Oleh karena itu, komunikasi merupakan sumber daya untuk membangun keunggulan kompetitif. Namun lebih dari itu, diperlukan niat strategis yang bertumpu pada visi perusahaan. Yang terakhir adalah ambisi jangka panjang, aspirasi dari apa yang diinginkan perusahaan (Collins dan Porras, 1996). Namun, visi ini menyiratkan keanggotaan dalam proyek bisnis.
Pada tahap ini, komunikasi diperlukan karena perusahaan tidak dapat menyimpang terlalu jauh dari citranya tanpa menanggung risiko penolakan. Komunikasi yang diperlukan untuk mendukung perubahan ini tampaknya menjadi alat yang diperlukan bagi para pemangku kepentingan untuk mendukung proyek tersebut.
Tanggung  jawab adalah inti dari pertanyaan baru tentang peran organisasi (Igalens dan Joras, 2002). Ini membangkitkan kewajiban untuk membenarkan semua tindakan sesuai dengan standar masyarakat. Dalam logika tanggung jawab, etika dipandang sebagai lawan dari kebebasan yang diajukan sebagai prinsip tindakan.
Namun, pertanyaan tentang tanggung jawab sosial dan sosial yang dilimpahkan ke perusahaan tidak sepenuhnya bulat. Beberapa orang berpikir  adalah normal untuk mengangkat perusahaan ke peringkat institusi yang mampu memberikan makna kepada masyarakat (Carre, 1998), yang lain mencela peran baru ini (Faber, 1992).Â
Namun, dengan mengekspresikan nilai-nilainya, perusahaan menegaskan keunikannya dan memungkinkan anggotanya untuk menarik perasaan memiliki (Mercier, 1998). Akibatnya, gagasan  kinerja perusahaan tidak dapat diukur hanya dalam istilah moneter telah muncul secara bertahap (Toublan, 1995).
Pendekatan ini telah menghasilkan visi organisasi, efisien secara ekonomi dan pada saat yang sama bertanggung jawab secara sosial dan sipil. Gagasan tentang spiral yang baik di mana perusahaan yang bertanggung jawab berbuat baik ketika memuaskan audiensnya sekarang diterima (Waddock dan Smith, 2000).Â
Dengan demikian, organisasi memiliki kewajiban terhadap mitra internal dan eksternal (Pava, 2000), yaitu pemangku kepentingannya. Akibatnya, perusahaan yang mempertimbangkan pemangku kepentingan akan memiliki praktik manajemen yang lebih luas daripada laba, pertumbuhan (Jones dan Wicks, 1999). Pendekatan ini telah menghasilkan visi organisasi, efisien secara ekonomi dan pada saat yang sama bertanggung jawab secara sosial dan sipil.

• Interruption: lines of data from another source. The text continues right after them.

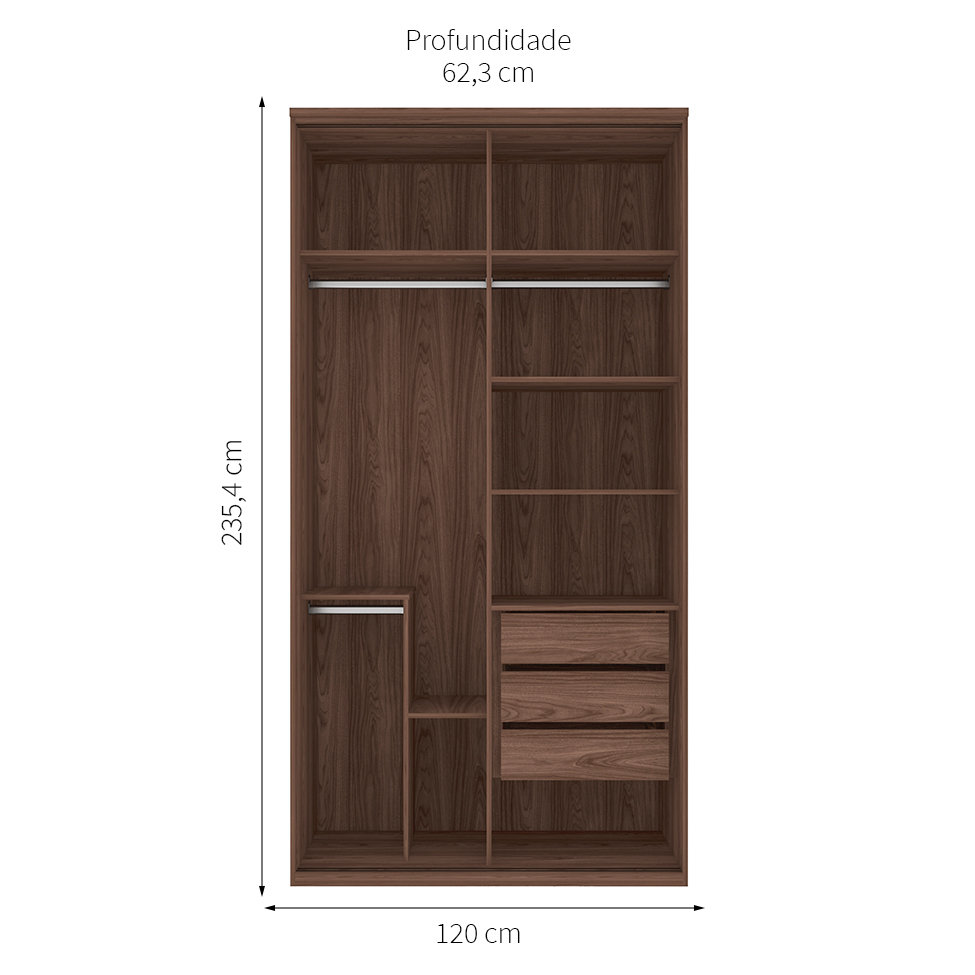 Guarda-Roupa Solteiro Elite 2 Portas 3 Gavetas Capuccino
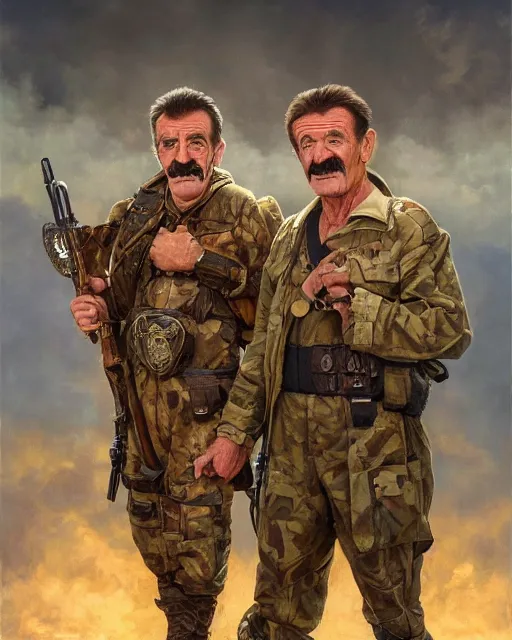 Prompt: full body 8 k photo of paul chuckle standing next to barry chuckle dressed as sas soldiers holding battle - axes, intricate, elegant, highly detailed, cinestill, digital painting, artstation, led dramatic lighting, sharp focus, by da vinci, artgerm and greg rutkowski and alphonse mucha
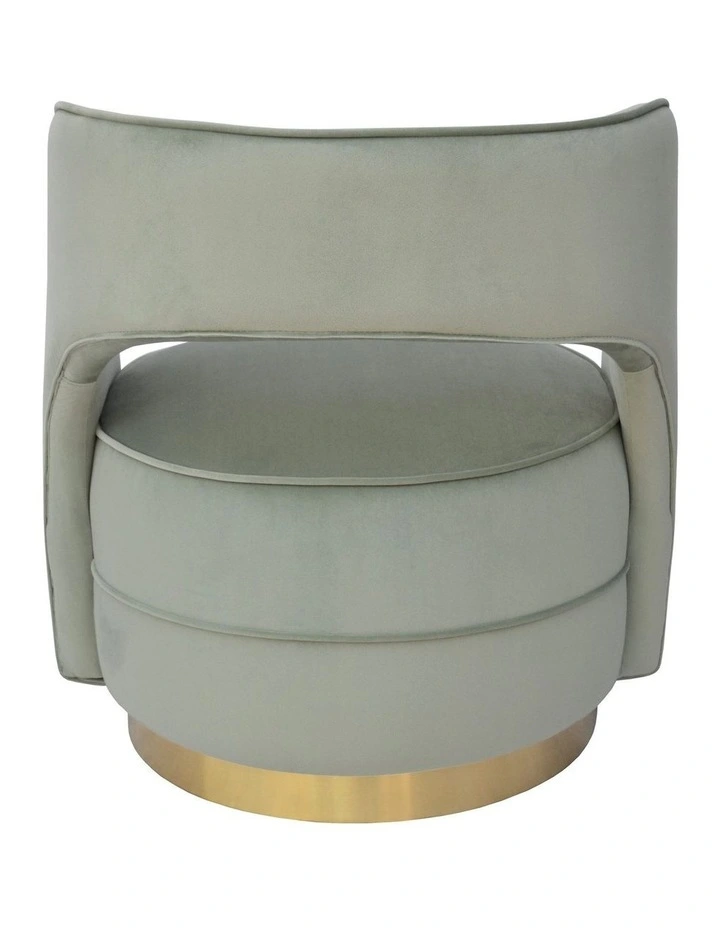 Darcy & Duke Visser Accent Chair - Sage Velvet, Brushed Gold Frame image 4
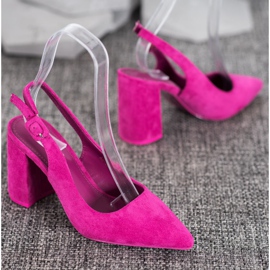 Comer Zapatos de salón clásicos con tacón abierto rosado 4
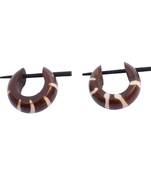 Pair Of Coffee Brown  Wooden Tribal Print  Bali/Hoop Earring For Men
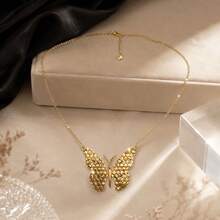1/3pcs Middle East Hot-Selling Fashion Niche Vintage Design Honeycomb Necklace (Large, Medium, Small, Any Size To Choose From) Butterfly Electroplated 18K Gold, Suitable For Women's Daily Wear - Gold - View 7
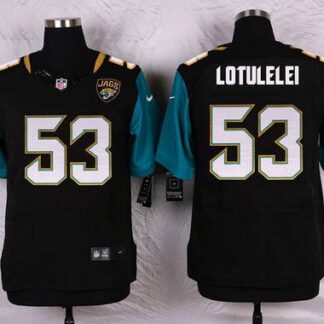 Men's Jacksonville Jaguars #53 John Lotulelei Black Team Color NFL Nike Elite Jersey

Gagasan tentang spiral yang baik di mana perusahaan yang bertanggung jawab berbuat baik ketika memuaskan audiensnya sekarang diterima (Waddock dan Smith, 2000). Dengan demikian, organisasi memiliki kewajiban terhadap mitra internal dan eksternal (Pava, 2000), yaitu pemangku kepentingannya.Â
Akibatnya, perusahaan yang mempertimbangkan pemangku kepentingan akan memiliki praktik manajemen yang lebih luas daripada laba, pertumbuhan (Jones dan Wicks, 1999).Gagasan tentang spiral yang baik di mana perusahaan yang bertanggung jawab berbuat baik ketika memuaskan audiensnya sekarang diterima (Waddock dan Smith, 2000).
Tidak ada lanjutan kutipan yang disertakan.